Many of the data in Class War? come from the Inequality Survey of a representative sample of American adults, which was conducted for the authors in the summer of 2007.
The survey was conducted by telephone, between June 18 and July 8, by the Center for Survey Research and Analysis at the University of Connecticut (Samuel Best, director). The project coordinator was Chris Melchiorre, assisted by Chase H. Harrison. Interviews averaged approximately thirty minutes; the range was twenty to ninety minutes.
Respondents were selected by random digit dialing. The sampling frame was divided into four geographic regions: Northeast, North Central, South, and West. Quotas were set by these four areas based on population figures.
All data reported in the book are weighted. The sample component of the weight adjusts for differential probabilities of selection due to the number of adults in the household and the number of residential telephone lines which might have been included in the sample. Post-stratification weighting adjustments account for geography (census region), sex, age, level of educational attainment, Hispanic ethnicity, and race. Demographic characteristics were fitted using the iterative proportion fitting method. However, to improve the accuracy of overall estimates, sex, age, and education were entered in a single matrix. Since the sample was also proportionately stratified by geography, the impact of the geographic post-stratification adjustment was minimal but insured that other adjustments did not impact the stratification plan.

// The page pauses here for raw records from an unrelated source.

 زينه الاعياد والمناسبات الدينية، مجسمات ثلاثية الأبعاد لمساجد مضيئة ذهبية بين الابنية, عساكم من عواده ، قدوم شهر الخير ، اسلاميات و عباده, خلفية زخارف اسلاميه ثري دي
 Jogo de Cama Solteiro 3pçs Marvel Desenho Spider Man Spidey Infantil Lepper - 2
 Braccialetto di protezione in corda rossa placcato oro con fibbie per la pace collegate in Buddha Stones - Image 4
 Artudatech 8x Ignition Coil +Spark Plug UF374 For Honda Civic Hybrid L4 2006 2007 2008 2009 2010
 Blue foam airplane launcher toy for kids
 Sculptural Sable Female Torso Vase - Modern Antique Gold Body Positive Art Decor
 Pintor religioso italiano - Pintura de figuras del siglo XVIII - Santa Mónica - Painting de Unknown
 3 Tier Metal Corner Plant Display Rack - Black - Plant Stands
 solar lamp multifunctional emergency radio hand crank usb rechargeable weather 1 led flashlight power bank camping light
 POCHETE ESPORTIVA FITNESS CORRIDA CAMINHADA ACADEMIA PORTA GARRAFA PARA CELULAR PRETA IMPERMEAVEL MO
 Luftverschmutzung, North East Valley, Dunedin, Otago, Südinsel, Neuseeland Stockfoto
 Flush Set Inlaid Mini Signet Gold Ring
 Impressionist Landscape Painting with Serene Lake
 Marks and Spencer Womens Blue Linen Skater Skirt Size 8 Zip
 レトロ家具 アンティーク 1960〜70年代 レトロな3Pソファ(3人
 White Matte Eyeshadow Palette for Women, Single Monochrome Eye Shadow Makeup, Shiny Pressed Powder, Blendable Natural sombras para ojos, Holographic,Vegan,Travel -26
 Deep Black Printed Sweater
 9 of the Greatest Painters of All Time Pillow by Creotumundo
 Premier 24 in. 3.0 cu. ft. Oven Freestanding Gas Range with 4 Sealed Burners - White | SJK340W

Because the sample was relatively small (n = 608), we can only be confident (at the p < .05 level) that estimates of population percentages around 50 percent are accurate to within about 4 percentage points. Very few of our findings are sensitive to this, however. On many of the issues we discuss, egalitarian policies were supported by 60 percent, 70 percent, or even 80 percent of those interviewed. Majorities of such magnitudes would be extremely unlikely to occur by chance due to sampling error.